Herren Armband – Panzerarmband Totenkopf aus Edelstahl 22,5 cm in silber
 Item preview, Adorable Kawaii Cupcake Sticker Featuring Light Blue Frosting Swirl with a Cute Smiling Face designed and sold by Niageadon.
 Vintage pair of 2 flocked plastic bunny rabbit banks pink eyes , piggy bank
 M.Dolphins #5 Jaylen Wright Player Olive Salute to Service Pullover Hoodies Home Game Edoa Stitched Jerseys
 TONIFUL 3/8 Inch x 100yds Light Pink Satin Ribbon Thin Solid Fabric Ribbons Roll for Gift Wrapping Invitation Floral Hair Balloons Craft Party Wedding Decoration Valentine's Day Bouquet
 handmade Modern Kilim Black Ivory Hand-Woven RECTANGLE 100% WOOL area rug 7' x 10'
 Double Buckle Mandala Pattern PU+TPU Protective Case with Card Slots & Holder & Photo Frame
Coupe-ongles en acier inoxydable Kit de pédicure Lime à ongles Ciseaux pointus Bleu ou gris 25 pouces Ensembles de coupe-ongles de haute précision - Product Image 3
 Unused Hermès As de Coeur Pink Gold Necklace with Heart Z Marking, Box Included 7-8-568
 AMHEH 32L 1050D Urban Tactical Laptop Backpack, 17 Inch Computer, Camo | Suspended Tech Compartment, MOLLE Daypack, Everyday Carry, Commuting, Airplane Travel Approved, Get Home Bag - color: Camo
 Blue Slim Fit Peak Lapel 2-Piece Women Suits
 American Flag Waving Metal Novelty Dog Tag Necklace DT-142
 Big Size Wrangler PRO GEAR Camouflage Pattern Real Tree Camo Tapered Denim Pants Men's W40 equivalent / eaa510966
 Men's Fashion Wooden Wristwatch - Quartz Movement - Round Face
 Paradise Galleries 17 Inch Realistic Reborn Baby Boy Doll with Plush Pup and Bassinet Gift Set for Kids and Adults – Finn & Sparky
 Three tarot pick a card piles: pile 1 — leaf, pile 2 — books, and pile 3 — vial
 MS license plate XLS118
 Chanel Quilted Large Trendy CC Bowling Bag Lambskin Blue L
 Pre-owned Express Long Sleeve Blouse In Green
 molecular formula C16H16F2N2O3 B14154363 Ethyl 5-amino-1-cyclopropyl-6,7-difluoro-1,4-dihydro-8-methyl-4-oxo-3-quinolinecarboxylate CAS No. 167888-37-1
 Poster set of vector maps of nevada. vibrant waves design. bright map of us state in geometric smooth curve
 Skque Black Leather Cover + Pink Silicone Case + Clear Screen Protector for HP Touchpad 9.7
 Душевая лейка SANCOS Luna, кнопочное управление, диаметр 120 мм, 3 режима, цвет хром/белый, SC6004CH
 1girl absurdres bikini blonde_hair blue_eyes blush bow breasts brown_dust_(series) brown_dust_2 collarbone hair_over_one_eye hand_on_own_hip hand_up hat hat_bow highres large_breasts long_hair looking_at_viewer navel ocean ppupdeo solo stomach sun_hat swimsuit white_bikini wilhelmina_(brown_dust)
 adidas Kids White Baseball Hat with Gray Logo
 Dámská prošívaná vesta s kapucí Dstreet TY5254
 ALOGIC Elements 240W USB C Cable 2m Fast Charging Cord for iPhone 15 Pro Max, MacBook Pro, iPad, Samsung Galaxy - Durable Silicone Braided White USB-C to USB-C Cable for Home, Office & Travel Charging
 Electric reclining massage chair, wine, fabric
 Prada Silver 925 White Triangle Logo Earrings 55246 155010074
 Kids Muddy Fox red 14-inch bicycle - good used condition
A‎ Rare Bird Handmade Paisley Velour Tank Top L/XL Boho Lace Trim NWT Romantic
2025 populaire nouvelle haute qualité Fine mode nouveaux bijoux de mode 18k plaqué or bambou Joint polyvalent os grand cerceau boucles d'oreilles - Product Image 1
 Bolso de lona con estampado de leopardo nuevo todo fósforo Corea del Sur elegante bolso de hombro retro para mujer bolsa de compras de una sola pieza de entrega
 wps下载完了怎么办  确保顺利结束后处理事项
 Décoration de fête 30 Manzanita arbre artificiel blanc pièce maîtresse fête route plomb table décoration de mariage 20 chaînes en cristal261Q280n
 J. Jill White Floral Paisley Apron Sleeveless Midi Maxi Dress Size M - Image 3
------------
_EXERCISE GOAL_
Your answer is a single number: the count of lines in the records holding the string "Light".

_RESPONSE TO THIS TASK_
2